Start of Data excerpts
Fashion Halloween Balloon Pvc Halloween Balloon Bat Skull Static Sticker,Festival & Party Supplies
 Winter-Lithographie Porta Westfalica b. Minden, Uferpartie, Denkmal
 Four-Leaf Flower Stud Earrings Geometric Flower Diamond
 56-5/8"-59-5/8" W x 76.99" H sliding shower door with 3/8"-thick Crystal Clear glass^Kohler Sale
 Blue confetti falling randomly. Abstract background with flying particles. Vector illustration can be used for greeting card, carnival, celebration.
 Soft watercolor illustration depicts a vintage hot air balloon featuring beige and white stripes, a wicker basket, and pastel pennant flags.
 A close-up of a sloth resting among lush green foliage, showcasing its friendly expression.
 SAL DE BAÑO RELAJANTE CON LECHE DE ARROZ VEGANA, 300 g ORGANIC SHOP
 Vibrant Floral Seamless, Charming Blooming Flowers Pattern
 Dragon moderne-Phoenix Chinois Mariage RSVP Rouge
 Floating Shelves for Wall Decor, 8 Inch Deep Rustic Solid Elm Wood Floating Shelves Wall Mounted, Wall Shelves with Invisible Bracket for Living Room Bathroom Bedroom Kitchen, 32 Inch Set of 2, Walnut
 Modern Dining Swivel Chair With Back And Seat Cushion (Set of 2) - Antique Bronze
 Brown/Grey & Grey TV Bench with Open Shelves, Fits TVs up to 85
End of Data excerpts
> What to do: Could you set down, exactly as written, the lines above between the one holding "Clear glass^Kohler Sale" and the one holding "A close-up of", inclusive, and nothing more?

> Reply to the task:
 56-5/8"-59-5/8" W x 76.99" H sliding shower door with 3/8"-thick Crystal Clear glass^Kohler Sale
 Blue confetti falling randomly. Abstract background with flying particles. Vector illustration can be used for greeting card, carnival, celebration.
 Soft watercolor illustration depicts a vintage hot air balloon featuring beige and white stripes, a wicker basket, and pastel pennant flags.
 A close-up of a sloth resting among lush green foliage, showcasing its friendly expression.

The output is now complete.